What is your hero doing (world view, goals, values, problems, etc.) PRIOR to the First Plot Point (which is where the story-specific quest, in context to obstacles and stakes, is launched or imbued with meaning; sometimes the FPP is a moment that heightens or changes something the hero is already engaged with)?  And, how will this build reader empathy prior to the arrival of the First Plot Point?

He’s running away from home to change his environment. He sneaks through security at the skyport using his wits and common sense (and stuff he’s learned from movies and comic books) and stows away inside a trunk full of books. Inside the trunk, he gets up to a starliner in space bound for another planet where he can be the same size as everyone else. On the starliner, he bumps into the first girl his age, his size, that he’s ever met and befriends her. And all this with a broken arm in a cast and sling.

I love this.  Great  fodder for your Part 1.  He doesn’t sound much like a victim, though, this is pretty ballsy stuff.  Maybe someone, at some point, TELLS him he’s no longer a victim, that he’s already past it.

What is the theme(s) of your story (sub-text)? What issues are at hand in your story(less than 100 words, please)?

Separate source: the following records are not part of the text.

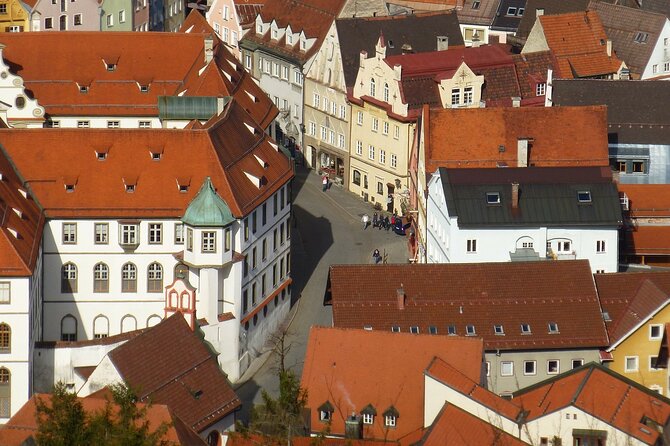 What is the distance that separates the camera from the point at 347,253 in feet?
535

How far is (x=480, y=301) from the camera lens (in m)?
134

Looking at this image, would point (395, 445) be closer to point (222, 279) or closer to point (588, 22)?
point (222, 279)

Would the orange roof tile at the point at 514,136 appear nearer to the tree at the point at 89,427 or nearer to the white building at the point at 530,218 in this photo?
the white building at the point at 530,218

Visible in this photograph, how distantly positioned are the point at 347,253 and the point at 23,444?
53345 mm

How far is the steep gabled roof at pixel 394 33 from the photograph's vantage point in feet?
580

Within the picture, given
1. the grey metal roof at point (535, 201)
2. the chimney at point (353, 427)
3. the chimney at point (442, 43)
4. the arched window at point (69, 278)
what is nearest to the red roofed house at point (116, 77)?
the chimney at point (442, 43)

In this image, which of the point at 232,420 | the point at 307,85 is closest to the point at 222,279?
the point at 232,420

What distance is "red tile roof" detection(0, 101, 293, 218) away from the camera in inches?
5635

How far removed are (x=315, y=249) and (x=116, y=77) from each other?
19.2 metres

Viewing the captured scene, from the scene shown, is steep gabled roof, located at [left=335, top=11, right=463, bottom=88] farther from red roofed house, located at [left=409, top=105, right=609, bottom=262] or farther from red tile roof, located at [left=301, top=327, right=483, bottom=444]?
red tile roof, located at [left=301, top=327, right=483, bottom=444]

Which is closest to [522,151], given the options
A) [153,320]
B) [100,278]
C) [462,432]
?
[153,320]

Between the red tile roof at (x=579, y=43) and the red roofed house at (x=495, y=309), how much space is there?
1816 inches

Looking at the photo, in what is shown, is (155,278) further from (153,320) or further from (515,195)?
(515,195)

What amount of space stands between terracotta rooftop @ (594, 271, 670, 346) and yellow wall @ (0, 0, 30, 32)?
223ft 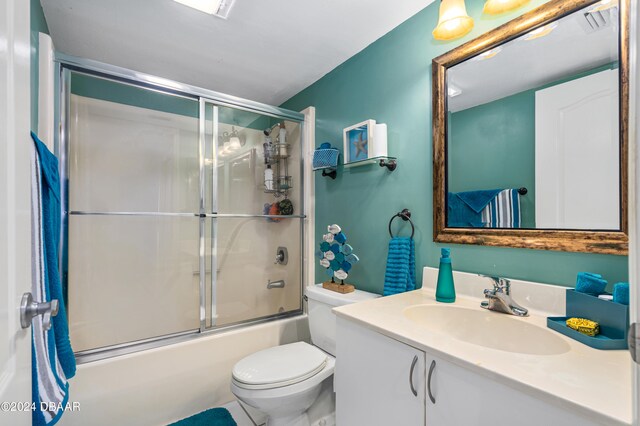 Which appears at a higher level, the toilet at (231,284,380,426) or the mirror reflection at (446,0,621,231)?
the mirror reflection at (446,0,621,231)

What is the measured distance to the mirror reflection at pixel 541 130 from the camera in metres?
0.93

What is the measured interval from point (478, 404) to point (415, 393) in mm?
181

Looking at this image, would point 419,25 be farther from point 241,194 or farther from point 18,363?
point 18,363

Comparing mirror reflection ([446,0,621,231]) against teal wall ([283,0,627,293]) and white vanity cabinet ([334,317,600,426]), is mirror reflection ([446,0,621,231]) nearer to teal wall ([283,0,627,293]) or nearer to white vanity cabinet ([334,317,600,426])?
teal wall ([283,0,627,293])

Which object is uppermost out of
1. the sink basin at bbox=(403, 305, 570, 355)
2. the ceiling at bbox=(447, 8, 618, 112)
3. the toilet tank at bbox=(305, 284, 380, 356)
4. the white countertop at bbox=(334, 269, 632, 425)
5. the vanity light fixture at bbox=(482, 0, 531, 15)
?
the vanity light fixture at bbox=(482, 0, 531, 15)

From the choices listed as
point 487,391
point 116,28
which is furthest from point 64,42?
point 487,391

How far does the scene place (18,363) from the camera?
2.01ft

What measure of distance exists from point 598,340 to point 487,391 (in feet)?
1.17

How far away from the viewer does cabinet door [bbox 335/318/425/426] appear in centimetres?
84

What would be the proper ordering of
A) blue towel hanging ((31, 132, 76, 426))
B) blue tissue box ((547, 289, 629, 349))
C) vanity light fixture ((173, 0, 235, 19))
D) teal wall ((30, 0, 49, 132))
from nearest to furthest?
blue tissue box ((547, 289, 629, 349))
blue towel hanging ((31, 132, 76, 426))
teal wall ((30, 0, 49, 132))
vanity light fixture ((173, 0, 235, 19))

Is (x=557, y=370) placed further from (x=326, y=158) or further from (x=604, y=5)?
(x=326, y=158)

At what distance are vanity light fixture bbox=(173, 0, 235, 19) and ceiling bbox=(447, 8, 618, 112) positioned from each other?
1.08 m

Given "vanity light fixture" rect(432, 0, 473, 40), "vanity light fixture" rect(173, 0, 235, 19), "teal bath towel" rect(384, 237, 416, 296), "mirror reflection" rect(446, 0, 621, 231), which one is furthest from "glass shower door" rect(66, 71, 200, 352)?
"mirror reflection" rect(446, 0, 621, 231)

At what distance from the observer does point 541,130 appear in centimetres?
106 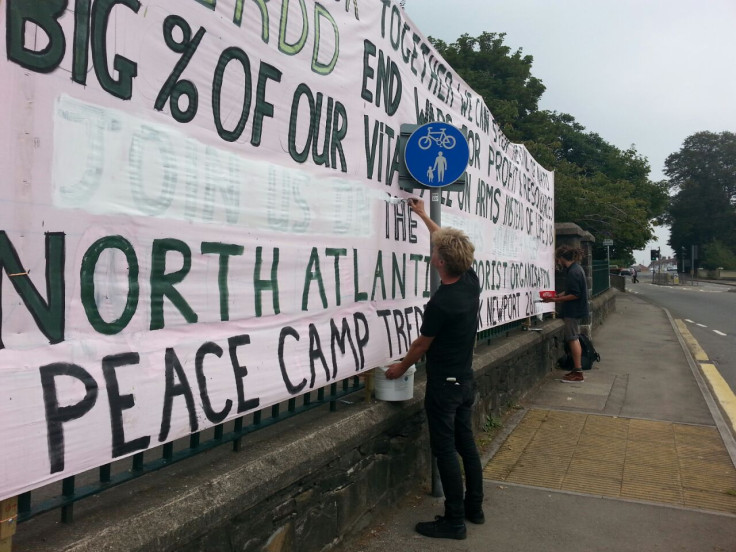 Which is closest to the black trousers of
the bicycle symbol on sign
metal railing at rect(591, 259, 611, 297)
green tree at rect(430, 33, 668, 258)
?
the bicycle symbol on sign

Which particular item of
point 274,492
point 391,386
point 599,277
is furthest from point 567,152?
point 274,492

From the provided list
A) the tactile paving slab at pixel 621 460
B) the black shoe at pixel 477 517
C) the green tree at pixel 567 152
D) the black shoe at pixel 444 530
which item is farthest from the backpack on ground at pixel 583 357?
the green tree at pixel 567 152

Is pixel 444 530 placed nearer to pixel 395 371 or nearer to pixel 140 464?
pixel 395 371

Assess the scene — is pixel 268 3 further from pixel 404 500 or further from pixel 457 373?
pixel 404 500

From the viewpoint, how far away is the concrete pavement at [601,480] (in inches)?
141

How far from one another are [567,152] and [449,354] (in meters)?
30.9

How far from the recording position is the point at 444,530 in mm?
3545

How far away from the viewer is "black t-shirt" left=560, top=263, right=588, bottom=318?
8.12 m

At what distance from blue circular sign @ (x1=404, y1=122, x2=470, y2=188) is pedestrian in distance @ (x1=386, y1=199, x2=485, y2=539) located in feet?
1.99

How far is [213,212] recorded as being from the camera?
2.43 meters

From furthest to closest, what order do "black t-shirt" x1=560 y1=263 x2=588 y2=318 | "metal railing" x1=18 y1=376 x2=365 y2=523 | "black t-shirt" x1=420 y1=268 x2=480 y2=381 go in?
"black t-shirt" x1=560 y1=263 x2=588 y2=318, "black t-shirt" x1=420 y1=268 x2=480 y2=381, "metal railing" x1=18 y1=376 x2=365 y2=523

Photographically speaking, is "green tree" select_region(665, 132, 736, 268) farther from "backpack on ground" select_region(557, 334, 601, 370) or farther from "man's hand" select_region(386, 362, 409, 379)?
"man's hand" select_region(386, 362, 409, 379)

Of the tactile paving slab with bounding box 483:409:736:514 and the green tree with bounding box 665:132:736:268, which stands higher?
the green tree with bounding box 665:132:736:268

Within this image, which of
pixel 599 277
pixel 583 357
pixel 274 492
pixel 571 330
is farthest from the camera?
pixel 599 277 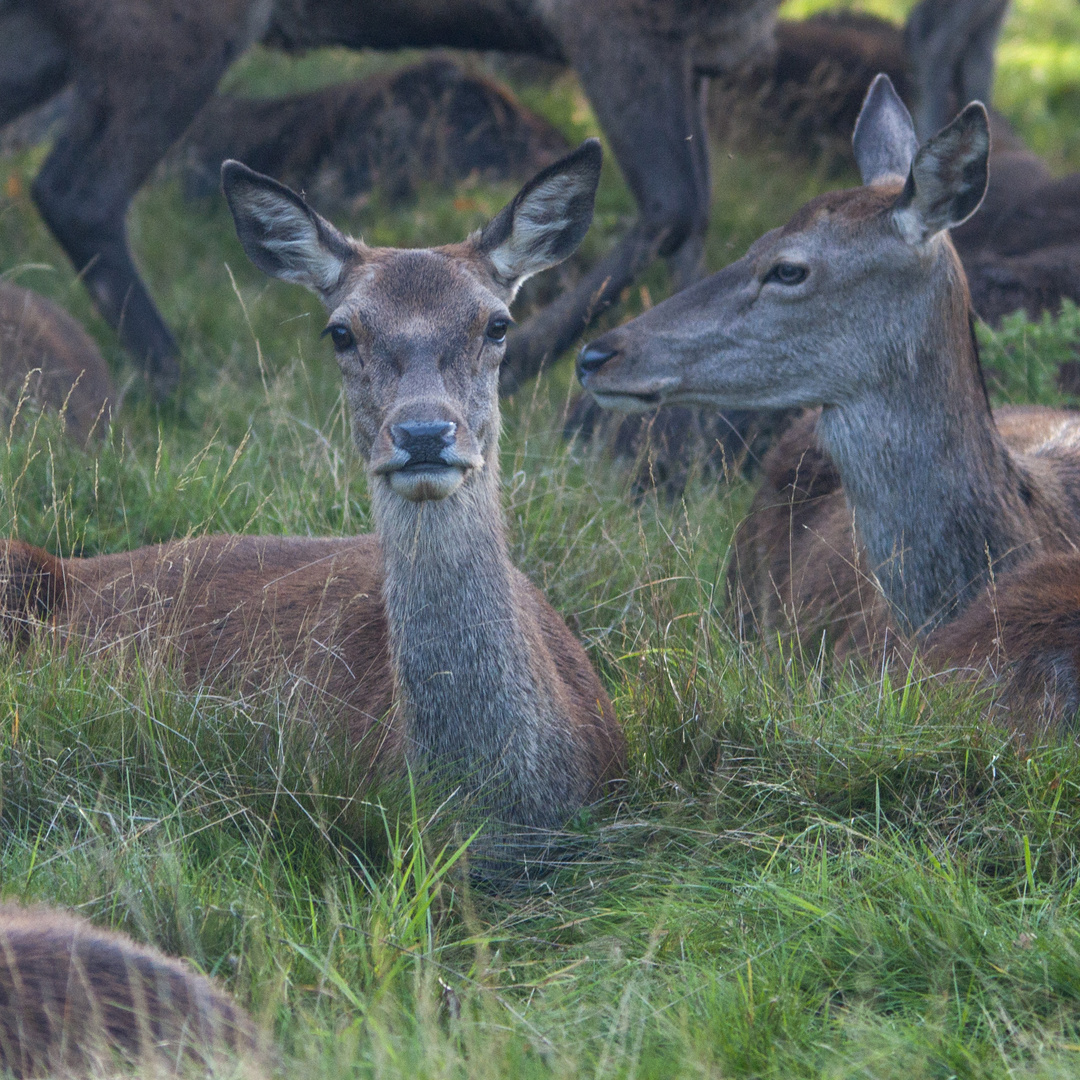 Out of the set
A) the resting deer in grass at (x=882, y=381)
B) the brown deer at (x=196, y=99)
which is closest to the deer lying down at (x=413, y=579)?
Answer: the resting deer in grass at (x=882, y=381)

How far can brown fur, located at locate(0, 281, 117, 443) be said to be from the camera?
6.79m

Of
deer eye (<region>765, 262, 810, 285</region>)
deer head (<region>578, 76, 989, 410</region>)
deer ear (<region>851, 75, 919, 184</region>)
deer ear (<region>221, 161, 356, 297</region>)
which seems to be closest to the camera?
deer ear (<region>221, 161, 356, 297</region>)

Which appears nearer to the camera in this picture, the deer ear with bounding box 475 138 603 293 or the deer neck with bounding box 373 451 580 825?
the deer neck with bounding box 373 451 580 825

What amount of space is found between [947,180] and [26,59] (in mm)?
5149

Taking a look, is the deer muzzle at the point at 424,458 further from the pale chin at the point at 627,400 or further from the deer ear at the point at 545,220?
the pale chin at the point at 627,400

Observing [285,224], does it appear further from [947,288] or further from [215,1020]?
[215,1020]

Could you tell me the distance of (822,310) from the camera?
5062 millimetres

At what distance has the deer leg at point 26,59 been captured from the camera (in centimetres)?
774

You don’t need to keep being a victim. You can change things, but it takes courage. The pursuit of power is rooted in fear.

What IS the First Plot Point in your story?

Jareth and Dayla are both trying to get each other alone for very different reasons. Jareth is very interested in getting closer to Dayla because she’s the first girl that he thinks he has a chance with. Dayla thinks that Jareth might understand a traumatic experience she’s gone through, because he looks as broken as she feels. They go somewhere a bit isolated on the starliner and stumble across a murder. The killer can’t use a gun on board a starliner – security sensors would detect it. He can’t choke both of them, like he just did to his victim. He grabs them and stuffs them into a lifepod and reprograms it to launch towards Feneesha, a planet the cruise ship passes by (for decades a grid of killer satellites has kept everyone away from Feneesha but cruises and tours go by it and throw garbage it and the passengers ooh and aah as the killer satellites blow up the garbage with brilliant lasers). The lifepod fills up with liquid oxygen and makes them feel they are going to drown, and the lifepod is going to barely miss getting blown up as it passes through a gap in the satellite grid to crash on the planet below.

This is a great idea for an FPP.  But… see my notes in the outline… there is a huge “jump the shark” aspect to it that I recommend you see – the nature of, and your abandonment of, the murder on the ship — and revise accordingly. How does this spin the story in a new direction?  In what way does this begin or alter your hero’s journey?  How does the FPP put STAKES and CONFLICT that wasn’t readily apparent prior to it (within the Part 1 scenes) into play?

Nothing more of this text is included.